----- INFORMATION PROVIDED -----
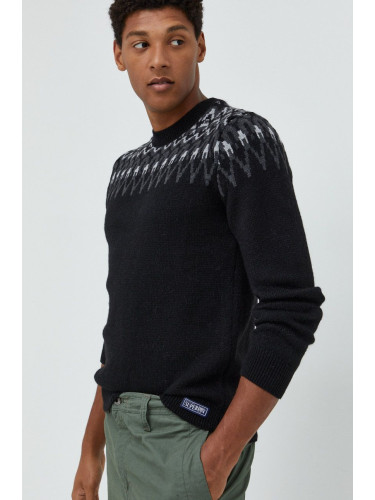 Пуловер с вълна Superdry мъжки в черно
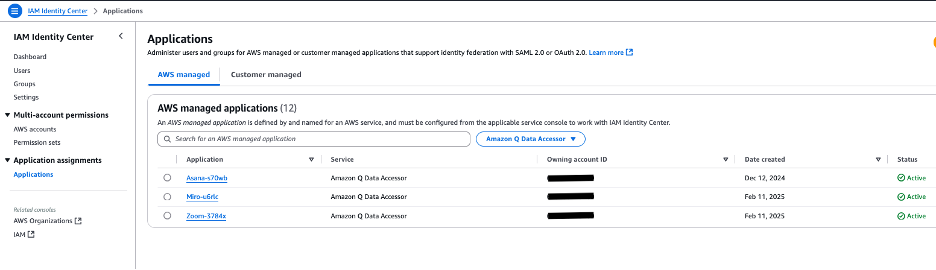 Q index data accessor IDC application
-----
----- INFORMATION PROVIDED -----
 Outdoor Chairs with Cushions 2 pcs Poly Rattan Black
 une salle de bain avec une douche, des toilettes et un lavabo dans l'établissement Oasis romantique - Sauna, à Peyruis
-----
EXERCISE INSTRUCTIONS:
Produce a word-for-word copy of everything above from the line holding "Outdoor Chairs with" down to the line holding "une salle de", with both of those lines kept.

EXPECTED ANSWER:
 Outdoor Chairs with Cushions 2 pcs Poly Rattan Black
 une salle de bain avec une douche, des toilettes et un lavabo dans l'établissement Oasis romantique - Sauna, à Peyruis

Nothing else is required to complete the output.